Your output should be the entries below, from the first line up to and including the line with "FIMI X8 SE 5", reproduced exactly and with no other lines.
--- Record excerpts Enclosed Below ---
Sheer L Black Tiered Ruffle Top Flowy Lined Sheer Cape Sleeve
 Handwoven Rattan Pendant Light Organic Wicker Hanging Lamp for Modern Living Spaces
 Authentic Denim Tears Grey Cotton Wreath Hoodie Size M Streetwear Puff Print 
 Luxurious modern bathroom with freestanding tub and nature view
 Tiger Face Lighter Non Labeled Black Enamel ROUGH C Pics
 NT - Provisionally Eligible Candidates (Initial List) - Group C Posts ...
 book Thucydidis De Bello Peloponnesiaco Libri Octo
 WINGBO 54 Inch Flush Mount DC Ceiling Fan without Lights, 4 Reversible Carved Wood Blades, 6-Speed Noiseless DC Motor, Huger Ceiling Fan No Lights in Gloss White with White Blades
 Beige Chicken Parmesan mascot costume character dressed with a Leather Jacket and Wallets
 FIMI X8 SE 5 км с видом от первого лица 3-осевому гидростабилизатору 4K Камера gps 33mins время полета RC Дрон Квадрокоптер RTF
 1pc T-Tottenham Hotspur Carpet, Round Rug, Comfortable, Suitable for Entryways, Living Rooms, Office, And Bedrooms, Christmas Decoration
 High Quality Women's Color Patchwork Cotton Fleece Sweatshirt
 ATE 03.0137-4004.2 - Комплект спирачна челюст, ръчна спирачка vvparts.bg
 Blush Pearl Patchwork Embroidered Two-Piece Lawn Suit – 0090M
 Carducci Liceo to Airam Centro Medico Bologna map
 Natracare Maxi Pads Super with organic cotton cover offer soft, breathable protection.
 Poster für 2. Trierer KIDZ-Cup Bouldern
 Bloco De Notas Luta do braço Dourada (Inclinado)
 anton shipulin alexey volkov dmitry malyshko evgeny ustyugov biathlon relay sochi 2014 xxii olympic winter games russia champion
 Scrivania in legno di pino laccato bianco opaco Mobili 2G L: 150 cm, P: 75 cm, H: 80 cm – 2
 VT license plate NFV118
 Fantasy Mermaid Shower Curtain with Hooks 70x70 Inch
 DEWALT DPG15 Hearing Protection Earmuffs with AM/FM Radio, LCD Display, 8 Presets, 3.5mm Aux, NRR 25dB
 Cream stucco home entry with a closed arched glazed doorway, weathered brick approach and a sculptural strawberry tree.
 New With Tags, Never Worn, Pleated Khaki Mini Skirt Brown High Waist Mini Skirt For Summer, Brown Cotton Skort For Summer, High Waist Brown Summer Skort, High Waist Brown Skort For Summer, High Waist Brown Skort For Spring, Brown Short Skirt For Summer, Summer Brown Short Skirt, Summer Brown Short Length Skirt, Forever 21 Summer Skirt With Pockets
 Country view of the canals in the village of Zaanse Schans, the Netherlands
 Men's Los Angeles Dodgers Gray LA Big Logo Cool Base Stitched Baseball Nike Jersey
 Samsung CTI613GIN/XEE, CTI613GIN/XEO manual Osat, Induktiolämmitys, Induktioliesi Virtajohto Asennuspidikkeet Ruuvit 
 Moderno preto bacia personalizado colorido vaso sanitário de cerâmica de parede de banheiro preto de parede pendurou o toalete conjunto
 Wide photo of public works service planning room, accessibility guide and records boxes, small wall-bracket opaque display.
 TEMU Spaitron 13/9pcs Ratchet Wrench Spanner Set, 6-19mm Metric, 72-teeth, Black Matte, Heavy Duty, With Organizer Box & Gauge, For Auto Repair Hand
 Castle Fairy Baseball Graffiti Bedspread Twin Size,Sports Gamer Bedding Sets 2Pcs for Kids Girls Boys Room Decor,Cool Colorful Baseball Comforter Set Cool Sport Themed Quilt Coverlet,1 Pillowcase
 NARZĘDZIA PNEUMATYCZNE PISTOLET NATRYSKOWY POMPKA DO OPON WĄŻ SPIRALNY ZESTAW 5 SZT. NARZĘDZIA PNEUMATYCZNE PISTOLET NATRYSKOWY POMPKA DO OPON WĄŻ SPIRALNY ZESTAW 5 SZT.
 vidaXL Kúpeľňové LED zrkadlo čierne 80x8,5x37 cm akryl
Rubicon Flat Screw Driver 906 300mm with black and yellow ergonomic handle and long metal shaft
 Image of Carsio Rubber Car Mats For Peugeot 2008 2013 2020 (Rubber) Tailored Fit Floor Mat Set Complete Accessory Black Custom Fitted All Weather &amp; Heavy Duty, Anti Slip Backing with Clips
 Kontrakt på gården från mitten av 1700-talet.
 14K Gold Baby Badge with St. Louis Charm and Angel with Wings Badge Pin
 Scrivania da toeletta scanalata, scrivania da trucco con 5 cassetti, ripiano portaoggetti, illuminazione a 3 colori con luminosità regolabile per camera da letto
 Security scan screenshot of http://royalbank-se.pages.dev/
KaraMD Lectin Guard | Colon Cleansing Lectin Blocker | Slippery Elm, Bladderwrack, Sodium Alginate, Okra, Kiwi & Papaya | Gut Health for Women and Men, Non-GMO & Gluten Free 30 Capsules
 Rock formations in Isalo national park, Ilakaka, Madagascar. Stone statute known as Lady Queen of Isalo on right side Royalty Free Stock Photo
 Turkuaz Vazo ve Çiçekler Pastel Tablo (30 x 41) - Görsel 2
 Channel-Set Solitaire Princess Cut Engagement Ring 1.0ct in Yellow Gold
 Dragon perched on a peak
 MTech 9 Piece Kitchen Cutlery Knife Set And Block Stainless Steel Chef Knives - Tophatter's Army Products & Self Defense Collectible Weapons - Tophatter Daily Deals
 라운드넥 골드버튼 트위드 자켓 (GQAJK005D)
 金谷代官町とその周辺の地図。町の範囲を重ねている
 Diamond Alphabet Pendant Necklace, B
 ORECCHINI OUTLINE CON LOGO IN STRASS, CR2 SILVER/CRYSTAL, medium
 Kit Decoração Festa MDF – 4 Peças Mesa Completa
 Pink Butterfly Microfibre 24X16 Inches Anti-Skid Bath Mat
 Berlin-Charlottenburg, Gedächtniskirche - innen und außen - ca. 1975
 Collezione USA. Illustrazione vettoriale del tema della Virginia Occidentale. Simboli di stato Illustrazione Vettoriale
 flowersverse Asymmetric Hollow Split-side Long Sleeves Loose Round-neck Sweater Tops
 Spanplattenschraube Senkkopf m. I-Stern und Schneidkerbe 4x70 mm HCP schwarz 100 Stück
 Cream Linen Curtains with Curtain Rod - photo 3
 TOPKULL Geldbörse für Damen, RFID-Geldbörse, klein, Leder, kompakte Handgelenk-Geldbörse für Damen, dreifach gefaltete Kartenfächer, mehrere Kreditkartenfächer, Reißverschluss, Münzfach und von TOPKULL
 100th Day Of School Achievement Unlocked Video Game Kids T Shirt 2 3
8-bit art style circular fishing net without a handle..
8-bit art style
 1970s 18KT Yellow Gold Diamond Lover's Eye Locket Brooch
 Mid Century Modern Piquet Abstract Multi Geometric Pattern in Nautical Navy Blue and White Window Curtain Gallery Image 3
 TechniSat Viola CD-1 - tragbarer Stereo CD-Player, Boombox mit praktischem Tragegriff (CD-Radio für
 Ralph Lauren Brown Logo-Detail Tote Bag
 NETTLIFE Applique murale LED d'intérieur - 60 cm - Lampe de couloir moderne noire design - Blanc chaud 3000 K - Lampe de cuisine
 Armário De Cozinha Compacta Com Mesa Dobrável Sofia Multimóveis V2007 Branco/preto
--- End of Enclosed Record excerpts ---
[Response for this exercise]
Sheer L Black Tiered Ruffle Top Flowy Lined Sheer Cape Sleeve
 Handwoven Rattan Pendant Light Organic Wicker Hanging Lamp for Modern Living Spaces
 Authentic Denim Tears Grey Cotton Wreath Hoodie Size M Streetwear Puff Print 
 Luxurious modern bathroom with freestanding tub and nature view
 Tiger Face Lighter Non Labeled Black Enamel ROUGH C Pics
 NT - Provisionally Eligible Candidates (Initial List) - Group C Posts ...
 book Thucydidis De Bello Peloponnesiaco Libri Octo
 WINGBO 54 Inch Flush Mount DC Ceiling Fan without Lights, 4 Reversible Carved Wood Blades, 6-Speed Noiseless DC Motor, Huger Ceiling Fan No Lights in Gloss White with White Blades
 Beige Chicken Parmesan mascot costume character dressed with a Leather Jacket and Wallets
 FIMI X8 SE 5 км с видом от первого лица 3-осевому гидростабилизатору 4K Камера gps 33mins время полета RC Дрон Квадрокоптер RTF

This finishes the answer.